In addition to hardware revolutions, another paradigm shift is occurring since the introduction of the notion of Cloud Computing. Even if this approach was first dedicated to business and web-based applications, on-demand HPC is possible and supposes that we will be able to obtain a set of resources as well as services adapted to a specific computing scenario [15, 17, 16]. There are indications that the scientific community is technologically ready for the implementation of private HPC clouds, although a full HPC cloud solution running on virtual machines (VMs) may remain application dependent [18]. The possibility of having HPC cloud computing brings fast-compute clusters within the reach of researchers and users for whom traditional HPC facilities are not a choice. For example, with the BiG Grid HPC Cloud, users get access to a virtualized HPC Cluster that they can configure to exactly match their needs.
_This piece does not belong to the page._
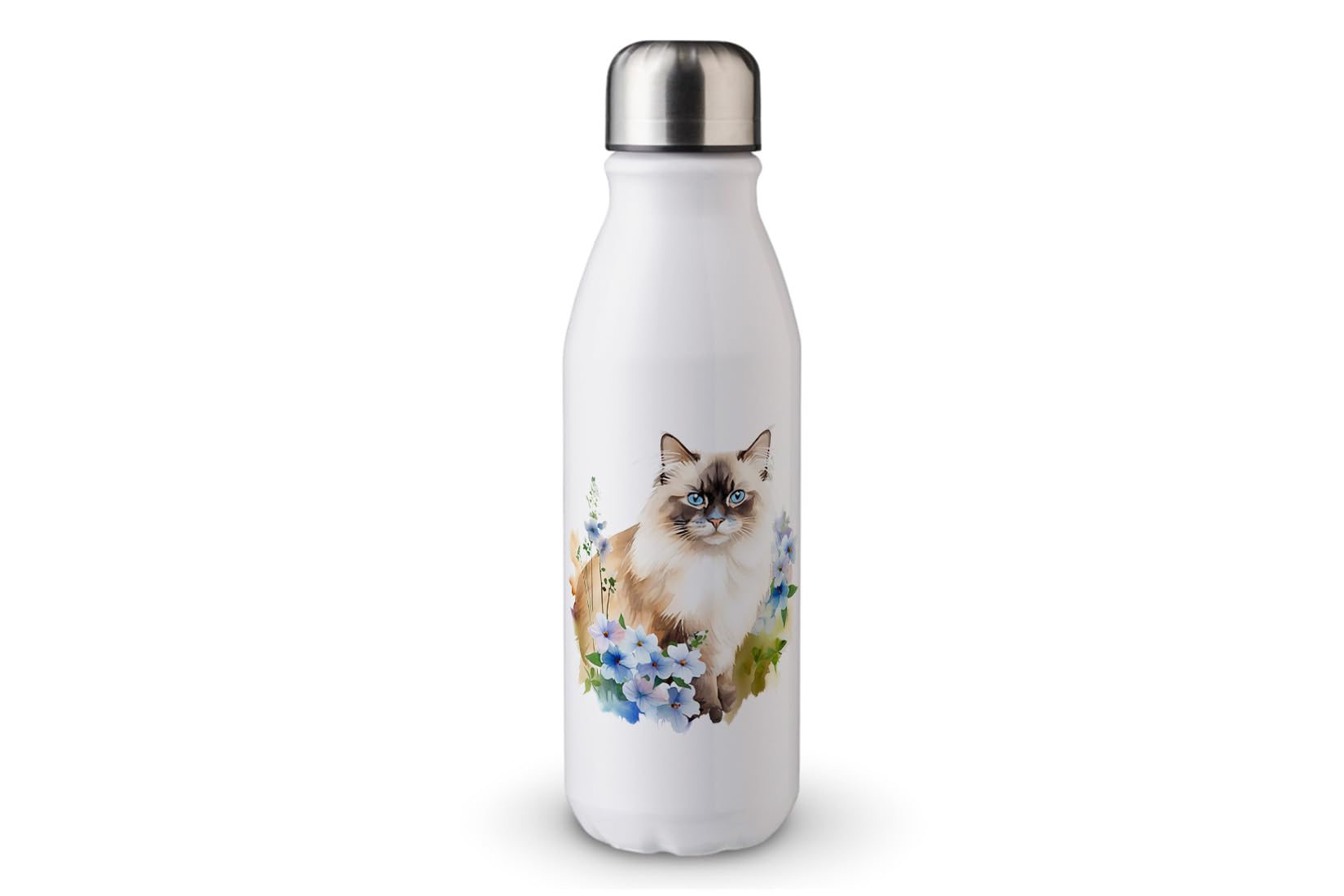 MAXIKIWI - Single Wall Water Drinking Bottle with Screw Cap, Non Insulated Lightweight Aluminium, BPA Free, Leak-Proof - Ragdoll Cat In the Garden - 500ml — image 1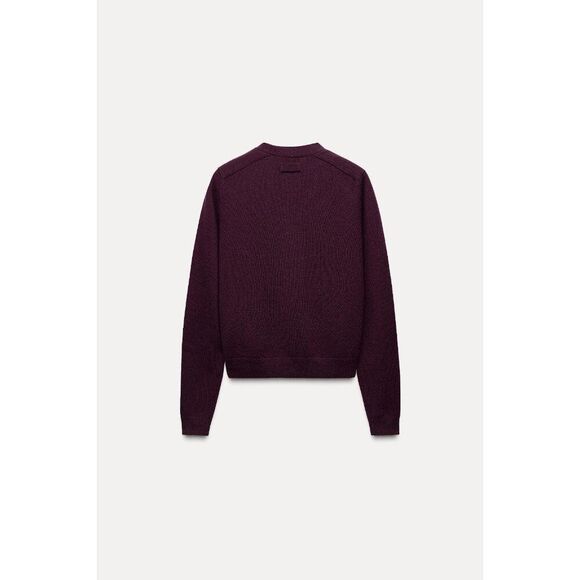 Zara Womens Sweater Medium M Purple V-Neck Wool Cardigan 2893/110 NWT - Picture 3 of 11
Still, it provides self-service and dynamically scalable high performance computing facilities [19]. Similarly, in 2010, SGI announced its SGI Cyclone for large-scale, on-demand cloud computing services specifically dedicated to technical applications [20]. This area will remain understandably active in terms of research and development for the foreseeable future, particularly because the virtualization and management features of cloud systems make them an ideal design point for exascale operating system and runtime, and will enable exascale for a broader class of applications [21].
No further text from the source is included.